Por ser a propriedade um direito sagrado, também deve ser considerado sagrado o direito de poder defendê-la.

E como rifles e outras armas de fogo são itens indispensáveis para garantir que a propriedade não sofra ataques, os bilionários e os bolsonaristas advogam pelo sagrado direito de o cidadão possuir e portar suas armas.

Todavia, mais uma vez, não podemos cair na besteira de acreditar que isso se estende aos trabalhadores comuns, para gente, por exemplo, que more numa favela.

Com relação aos sujeitos deste último grupo que venham a ser pegos com alguma arma, a forma de encarar a questão já foi determinada há muito tempo: é tiro na cabecinha dos ditos cujos, e acabou.

Ser proprietário de armas é um direito sagrado, mas só alguns estão aptos a tal sacralidade. Não é coisa para qualquer pé-rapado.

E este sacrossanto direito se aplica também para o corpo humano. Cada um deve ter o direito de fazer o que bem quiser com seu próprio corpo. Ninguém pode ser forçado a tomar uma vacina contra sua própria vontade. O corpo é dele e ele toma se quiser.

Não tem nenhuma importância isso de impedir o contágio, etc. Cada um que se cuide por sua conta. E por ser isso algo tão sagrado, até as igrejas bolsonaristas o assumiram.

No entanto, as igrejas bolsonaristas alertam: nada de querer ultrapassar os limites nessa questão de direito total de propriedade sobre seu próprio corpo.

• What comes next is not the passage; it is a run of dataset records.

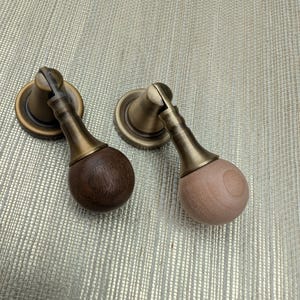 May include: Two cabinet pulls with a brass finish and wooden knobs. One knob is dark brown, the other is light brown. The pulls have a classic design, suitable for furniture restoration or new builds.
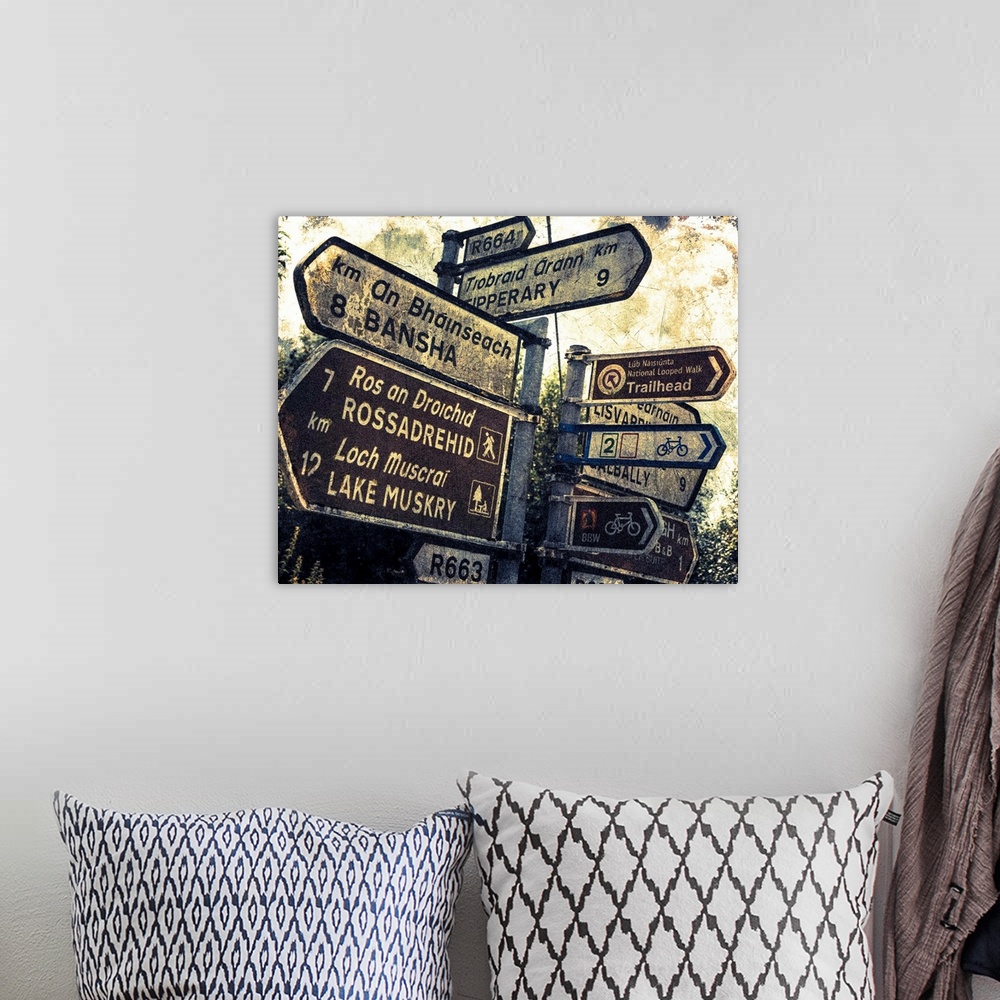 A bohemian room featuring Fine art photo of a signpost in Ireland with several directional signs, with a grunge effect.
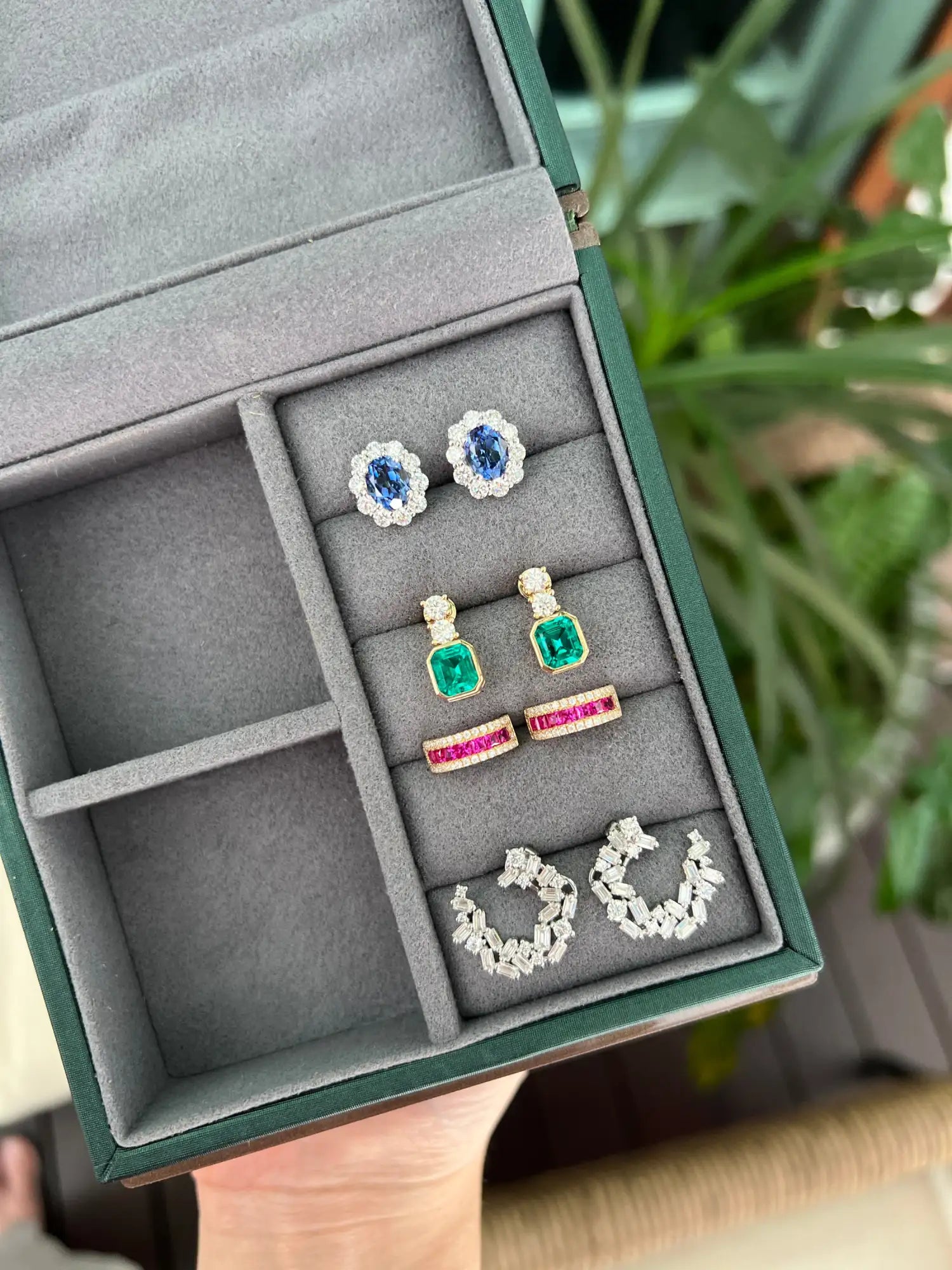 Green velvet jewelry box with multiple compartments and colorful earrings displayed inside.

Senão, daqui a pouco vai aparecer gente insinuando que uma mulher pode decidir se faz ou não um aborto, já que se trata de seu próprio corpo.

Um absurdo, não é mesmo?

A menos, claro, que seja alguma esposa, filha ou parente de pastor bolsonarista, ou alguma mulher dotada de recursos econômicos suficientes para ir a uma boa e discreta clínica, dessas que oferecem um bom serviço médico por um bom pagamento e não ficam abrindo a boca no mundo.

Os bilionários escravocratas que andam clamando por liberdade são como os pastores-empresários bolsonaristas, que querem que as igrejas de sua propriedade sejam consideradas o verdadeiro caminho para chegar a Deus, mas se dedicam principalmente a promover o ódio e a maldade e a pregar em favor de tudo aquilo que Jesus combatia em sua passagem junto à humanidade.

Ou seja, são hipócritas e farsantes em todos os sentidos!

Em resumo, espero que esta tentativa de abordar um problema tão sério através do uso da ironia tenha alcançado seu objetivo: alertar a todos os patriotas de verdade dos riscos que a nação está correndo diante da agressão concatenada que está sofrendo de parte do poder do grande capital imperialista e de seus “quintas-colunas” no interior de nosso país.

*Jair de Souza é economista e mestre em linguística pela UFRJ.